Первый же казах, который нас встретил, попросил: «Эй, бала, дай голову твою потрогать, нет ли у тебя рогов? Ты немис, вас в газетах с рогами рисуют». Аул был очень бедный, приходилось голодать; если ели два раза в неделю, то это считалось хорошо. А в Бурасе переселенцев хоть чем-то кормили, зерноотходы давали.
Нам пригодился ящик с инструментами. Я дырявую посуду паял, патефоны чинил, одних самоваров целый десяток отремонтировал.
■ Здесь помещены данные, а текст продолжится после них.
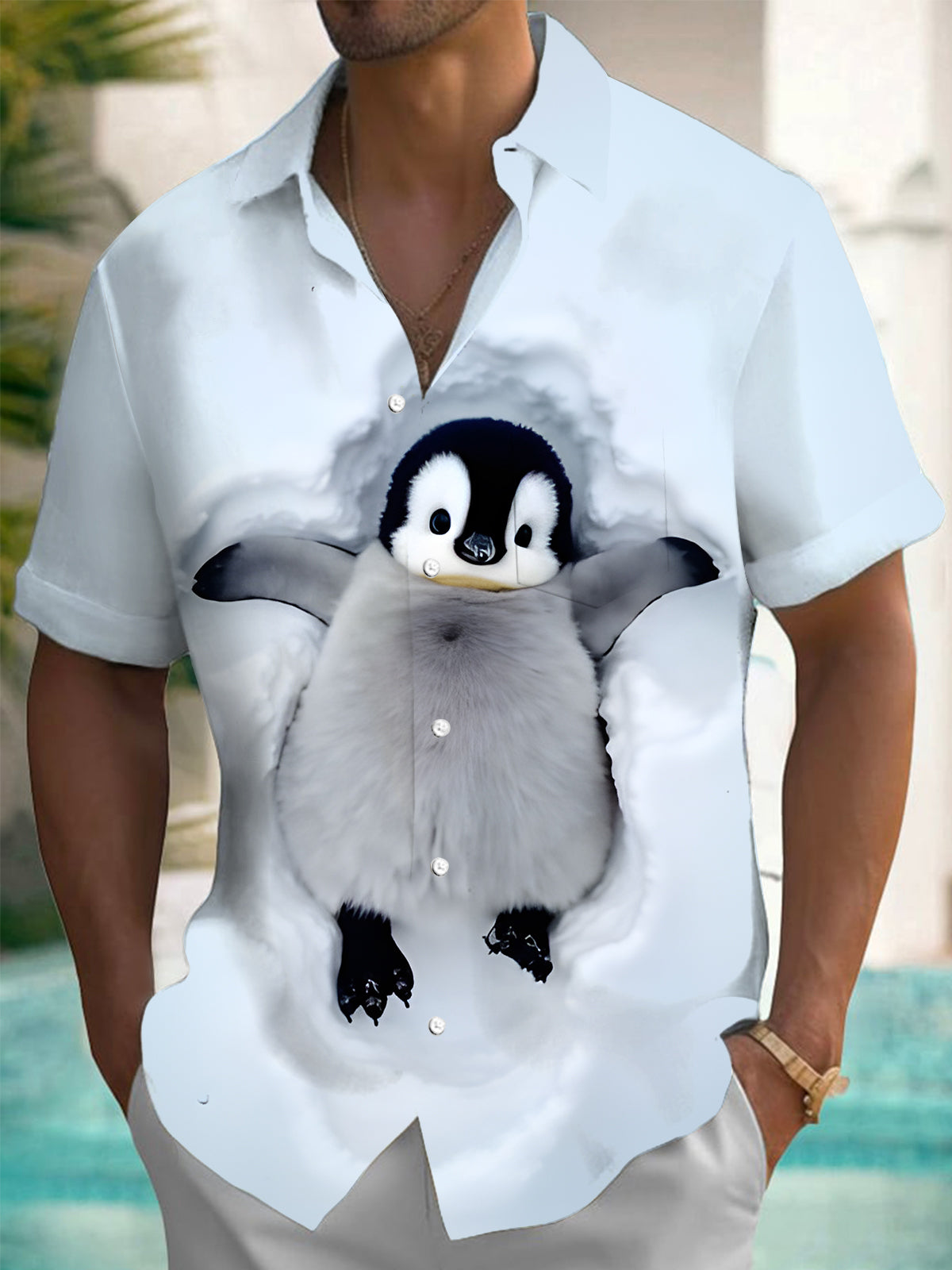 Penguin Print Men's Pocket Short Sleeve Shirts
А мне-то всего 15 лет было!
Отец удивлялся:
- И когда ж ты, Лео, всему научился?
А я ему ответил:
- Так у тебя и перенял; ты работал, а я тебе в затылок дышал…
Отца через месяц забрали в трудармию, и он работал под Тулой, в городке Бобрик-Донской, откуда река Дон начинается. Там он с другими трудармейцами (среди них земляки наши Шмайхель, Шмидт, немец с украинской фамилией Коваленко) участвовал в восстановлении мастерских при шахте.
Пришла и моя очередь стать трудармейцем. Мать немного пирожков для меня испекла. Младший брат провожал меня, так я ему эти пирожки отдал. Сестру Ирму хотели в детдом поместить, но мать не согласилась, и потом их отправили в Павлодар отбывать трудовую повинность в строительно-монтажном управлении № 1. Мама работала на стройке, а жили они в общежитии завода «Октябрь».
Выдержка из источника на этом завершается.